Image result for dr. cares pet rescue 911

You can also purchase upgrades in-between levels to make your game play experience easier. Throughout the game, you can earn trophies if you meet certain conditions.

This game is addictive, but has its tearjerker moments.  I give it 9 out of 10; some of the scenes upset me in a good way.

Mary Le Chef: Cooking Passion (Gamehouse)

Mary Vanderworth dreams of being a chef while her parents want her to become a lawyer, like them.  Therefore, she has to maintain her job at the restaurant while working at a law firm to pass the bar.

The storyline is similar to the first venue of Cathy’s Crafts, except this one takes up the entire game.  Mary moves from restaurant to restaurant mastering her chosen profession while meeting other people along the way.  One in particular is a man that wants to be a comedian despite his father’s wish that he take over the family business.  I loved the parallels with Mary’s own conflict and that, in both cases, it takes awhile for the parents to realize that they need to set their children free.  The difference is that he can stand up to his father while Mary is still trying to make her parents happy.

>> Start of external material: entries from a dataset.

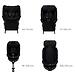 Автокресло Kinderkraft XRIDER 2 i-Size Black (7)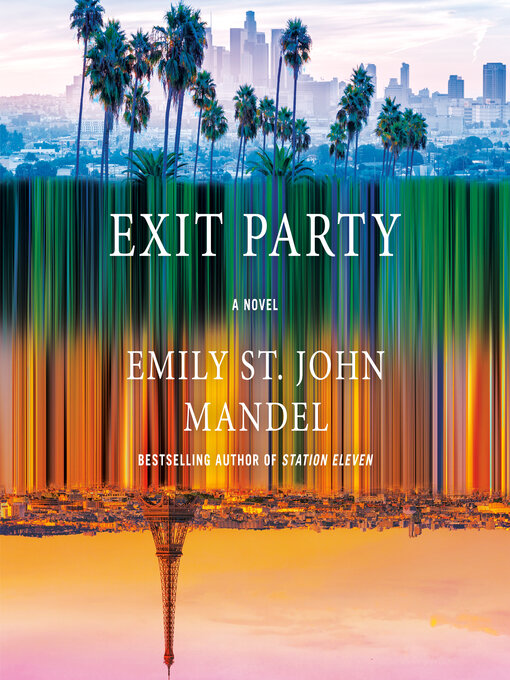 Cover image for Exit Party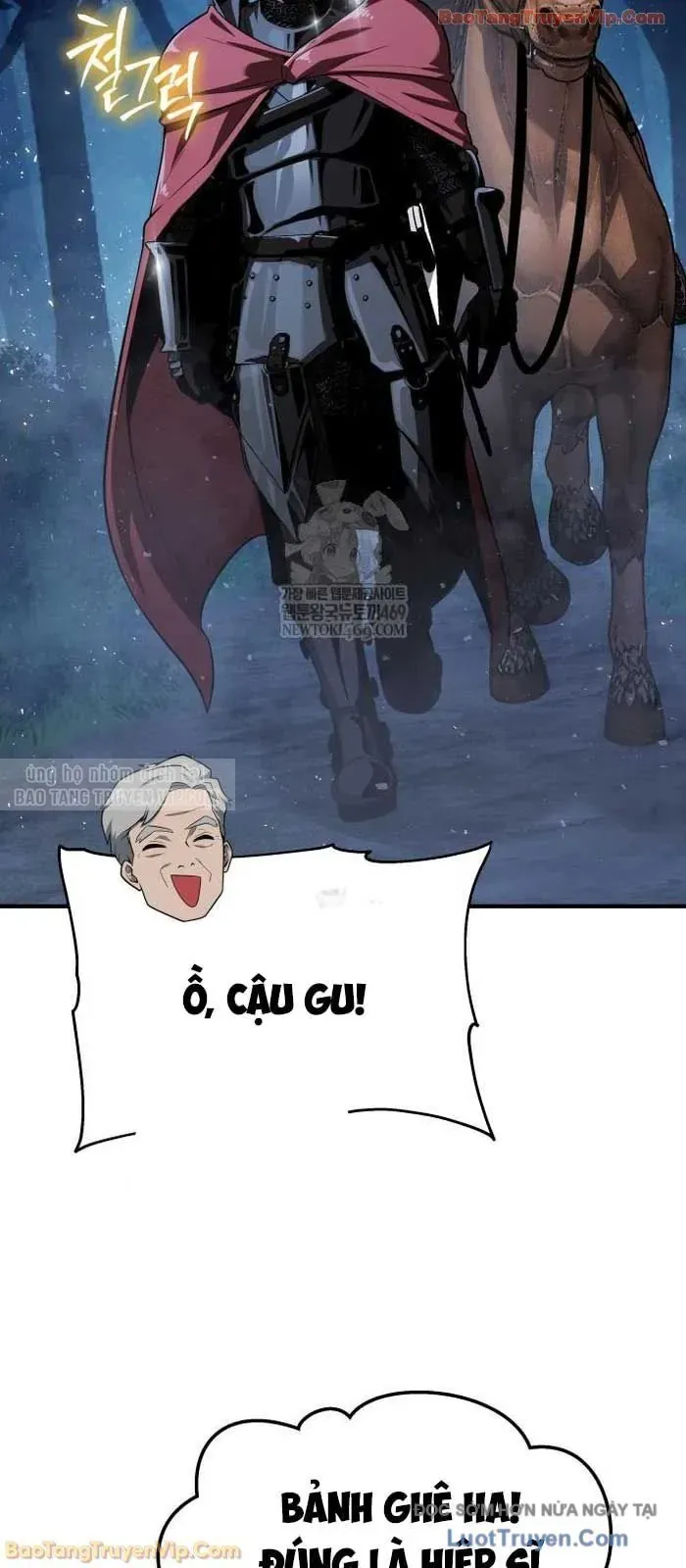 Vua Hiệp Sĩ Đã Trở Lại Với Một Vị Thần - Chapter 138 - Page 61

However, I didn’t like one plot element.  This element takes the form of Mary’s boyfriend, Peter.  Not only is his addition pointless to the story, but he shows excessively jealous tendencies towards Mary.  He also shows himself to be indecisive and fickle by breaking up with Mary only to go back to the ex-girlfriend he despised.  While Peter is right that Mary is destroying herself by becoming a lawyer rather than a chef, we didn’t need him to point that out for us.

The game play is similar to the Delicious series with you delivering the required items to the customers.  Then you check them out at the cash register and clean the tables for sitting customers.

Related image

Be quick about it, or customers will leave if they don’t get the table they want the minute they walk in the restaurant.  Believe me when I say it gets frustrating.  You need to reach the first star of every level in order to continue the game, but try for all three if you feel lucky.

Image result for Mary le chef

Each level comes with a special challenge you have to complete in order to get diamonds you can spend on gifts for Mary’s room.  You can also win trophies throughout the game by complete special tasks.  Did I mention that you can upgrade the products throughout each venue? However, I should tell you, the game doesn’t really give you an exact idea of how close you are to the newer products and the trophies.  This makes it even more irritating.  Completing venues also unlocks recipes for your cookbook.  Emily’s nemesis, Carl the mouse, also appears in every level for you to catch. That’s right; Emily makes a cameo appearance to explain about the mouse that drove exterminators crazy.

Image result for Mary le chef

This time, Carl doesn’t appear in the exact location every time.  Therefore, you had better be quick.

This game is fun, but has a couple of flaws.  I give it 6 out of 10, one point off for the boyfriend and another for the game play issues.